Зеркало погасло. Я молча сидела в кресле, уставившись в темный экран. Мама громко говорила, размахивала руками. «У людей дети как дети, – говорила она. – А эти… коровы проклятые! Только и знают жрать отборные продукты! Нет чтобы матери помочь! Недоедаю, недопиваю – всё им, всё им! Неблагодарные! И этот, прощелыга, где-то шлындает…» Мама заплакала. И вдруг «Изумруд» зажегся! Я уставилась в экран. «Да идите вы все к черту!» – крикнула мама и вышла из комнаты.
«Ты фильм вчера смотрела?» – спрашиваю я у Аленки на следующее утро. Понедельник, зима, мы идем в школу, ловим языком крупные снежинки, а у меня треснула губа – кровь, и я похожа на ту девочку, из «Зеркала». «Какой? – пищит Аленка. – До программы “Время” или после?» До «Времени» фильм обычно показывают по первой программе, а после – по второй. Я пожимаю плечами: «А “Времени” не было…» «Как это не было?» – пищит Аленка и подкручивает у виска: мол, совсем уже. А я думаю: «Времени» не было… это другого, другого времени не было! Но я ничего не говорю Аленке, а просто тихонько пытаюсь поймать мелодию, которая залетела ко мне вчера: ля-а-а, соль-фа-ми-фа-ми-фа-ми… «Мы вчера весь день пельмени лепили», – пищит Аленка, слизывая с губ большую снежинку.
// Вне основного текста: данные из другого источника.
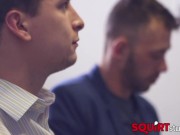 Hung Jack Kross Fucked Anally Cute Joey Mentana After Sloppy BJ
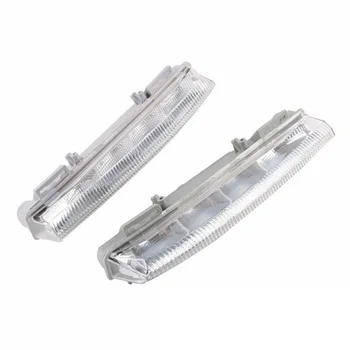 

Daytime Running Fog Lights Bulbs For Mercedes-Benz E-Class W212 2009-2014 Front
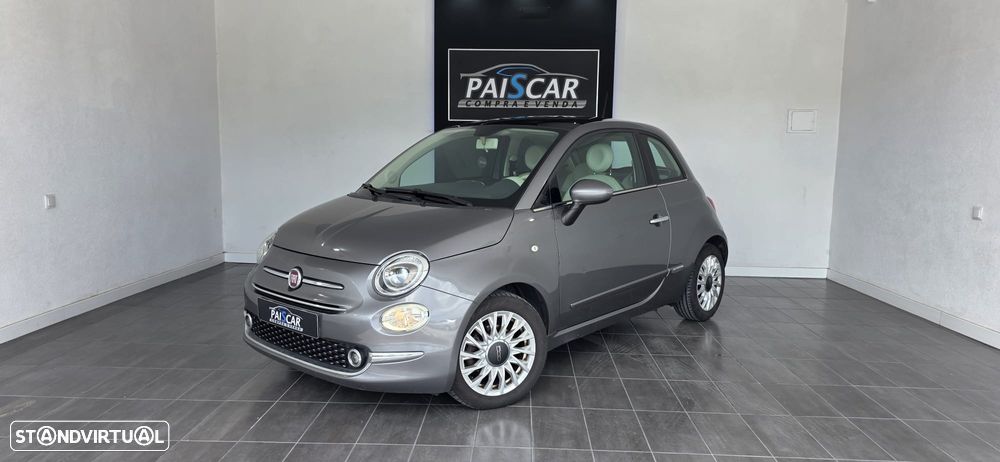 Fiat 500 1.3 MJ Lounge S&S - 2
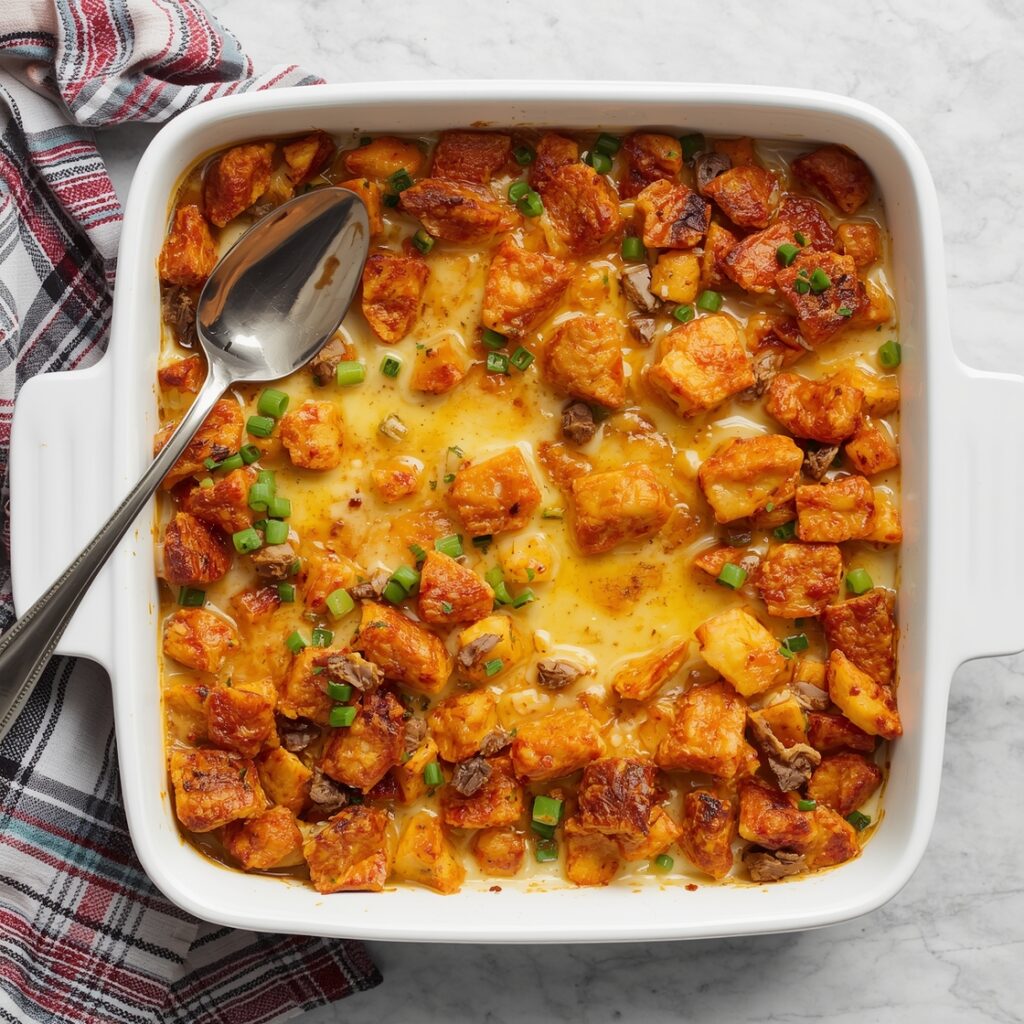 Hobo Casserole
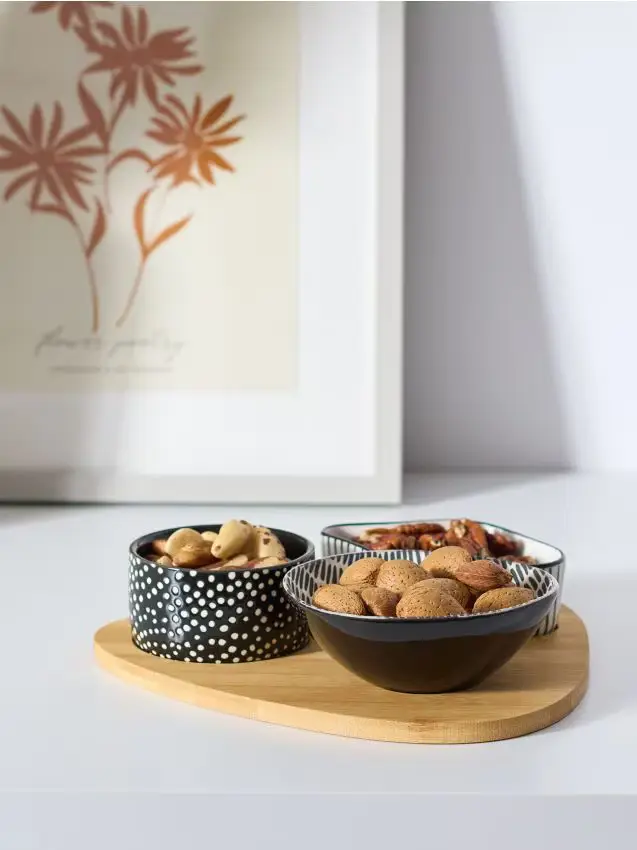 Vassoio da portata - multicolor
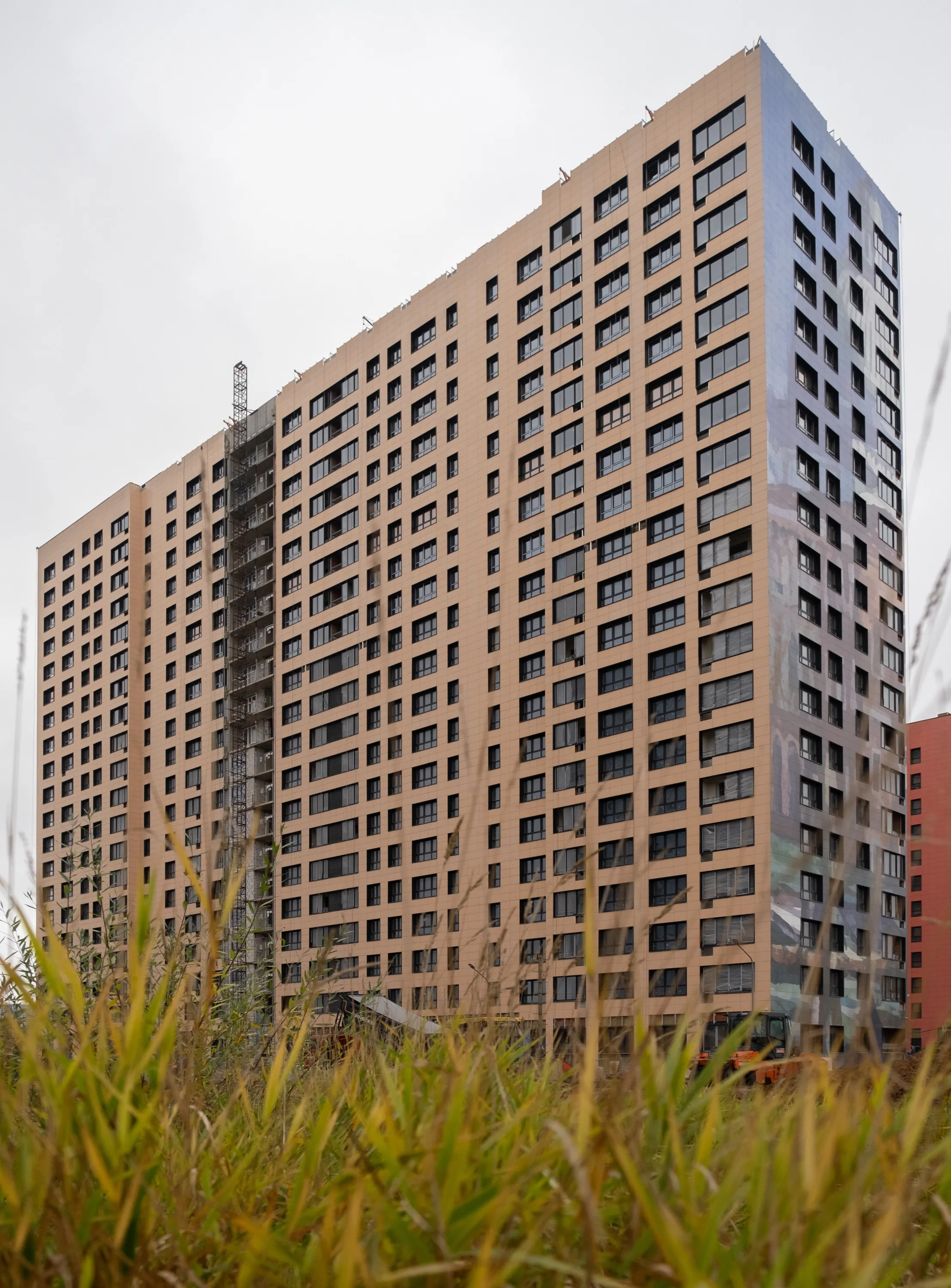 ЖК "Филатов Луг" ход строительства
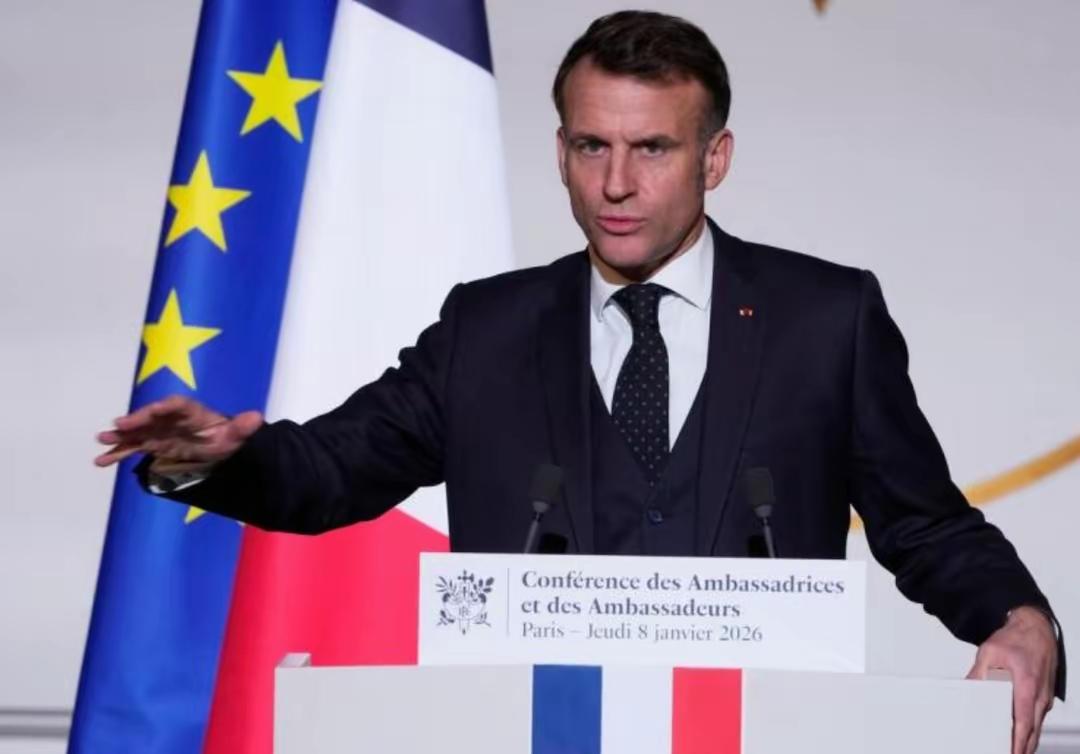 马克龙欲邀中国参加G7，既敲日本又抗美国！“世事如棋局局新”，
«Мукулатуру брать будете?» – приставучий дедушка снова громко сморкается и утирает свой длинный нос. Мой папа макулатуру собирает. И сдает ее в пункты вторсырья. Это его страсть. Такая же, как покупать уцененные товары в комиссионных магазинах, брошюры в «Букинисте», обрезанные яблоки на базаре, приносить с помойки сломанные стулья и торшеры, коробки и самовары. За старые газеты и бумаги ему дают Жюль Верна, Фенимора Купера, Александра Дюма и рулоны туалетной бумаги серого цвета. Папа ставит книги на полки – и они стоят, новенькие, со склеенными страничками, стоят и пахнут типографской краской, ждут, пока я вырасту и прочту их – а я вырасту и прочту, я уже читаю, взрослые книги читаю, тихонько, чтобы мама с папой не видели, под кроватью, с фонариком. «Ни одной книги не прочел, прощелыга! – ворчит мама, осматривая очередную папину «макулатурную» добычу. – И всё тащит, тащит, как крыса. Мало тебе?» «Не трожь! – кричит папа, выхватывает из маминых рук книгу, бережно ставит ее на полку. «Будете брать мукулатуру, я вас спрашиваю? А то пионерам отдам», – дедушка машет руками, изображая пионерский салют. «Мы скажем учительнице, – выкрикивает Аленка, – и всем классом придем». «Лады, – чихает дедушка, – а теперь дуйте отсюда». Мы с Аленкой переглядываемся: темнит дед, ох темнит! Дуем – и вдруг Аленка пищит: «А давай – пищит Аленка, – попросим твоего папу найти Лилию Григорьевну». Я краснею и гляжу на эту пигалицу исподлобья: «А чё это мой папа будет ее искать?» «Так он же в «кэгэбе» работает», – хихикает Аленка. «В какой еще “кэгэбе”? Нигде он не работает!» Всё, папка, попал ты в капкан
(Когда меня еще не было, а Галинка была маленькая, а папа уже работал в «кэгэбе», он оказался в вытрезвителе: тогда еще никакого москвича, которого папа «поил, прощелыга!», и в помине не было, папа просто «залил шары» – и утром, вернувшись из вытрезвителя, еле слышно прошептал маме, которая «всю ночь глаз не сомкнула, прощелыга ты чертов!»: «Всё, Нюра, – прошептал папа и потупил взор, – попал я в капкан, теперь попрут из органов («кэгэба» еще «органами» называется, только я вот никак не могу понять, что это за организм такой!)»)!